## [EXERCISE INSTRUCTIONS]
Copy everything in the records, character for character, except images.

------ RECORDS FOR THE EXERCISE

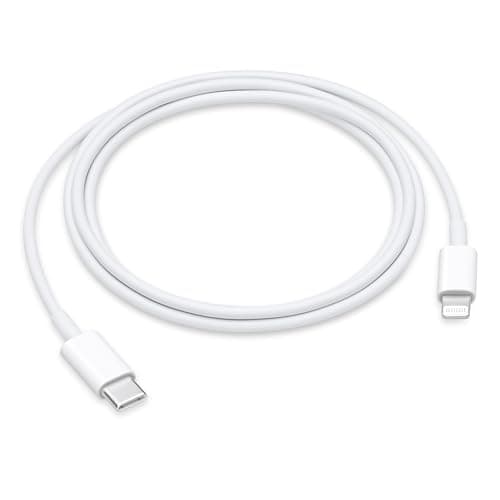 Image of Apple USB‑C to Lightning Cable (1m) 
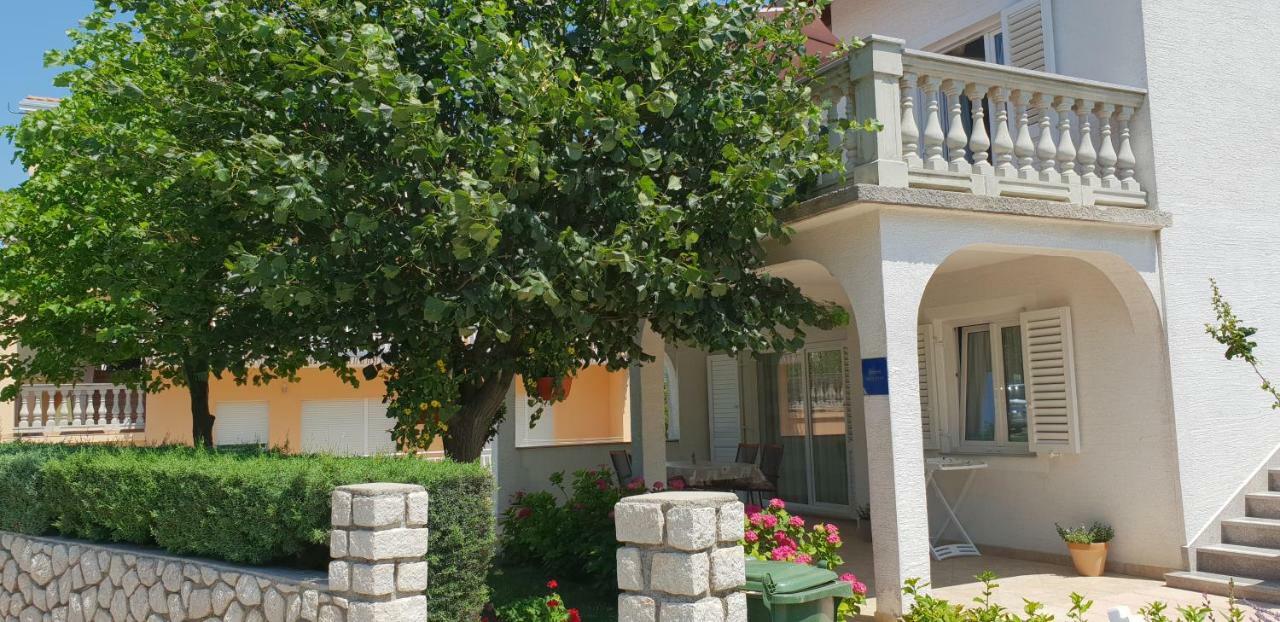 Apartment Nina Novi Vinodolski Buitenkant foto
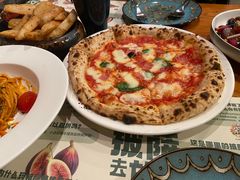 -Pizzeria da Nicola·火炉披萨(中大国际店)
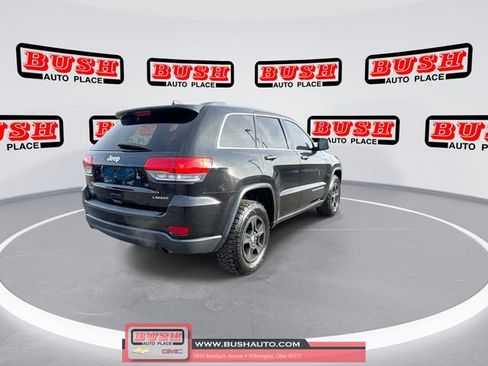 Used 2015 Jeep Grand Cherokee Laredo w/ Quick Order Package 23E image 2
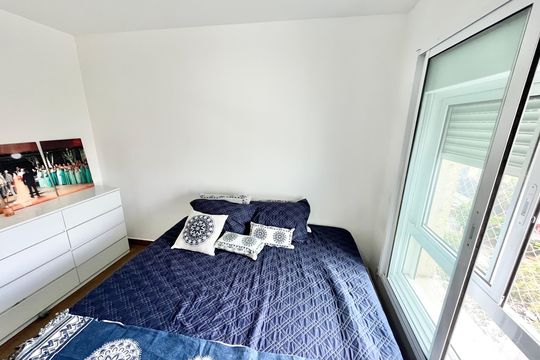 Quarto 2 - Suíte de apartamento à venda com 2 quartos, 60m² em Jardim São Paulo, São Paulo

------------

## [COMPLETED EXERCISE]
 Image of Apple USB‑C to Lightning Cable (1m) 
 Apartment Nina Novi Vinodolski Buitenkant foto
 -Pizzeria da Nicola·火炉披萨(中大国际店)
 Used 2015 Jeep Grand Cherokee Laredo w/ Quick Order Package 23E image 2
 Quarto 2 - Suíte de apartamento à venda com 2 quartos, 60m² em Jardim São Paulo, São Paulo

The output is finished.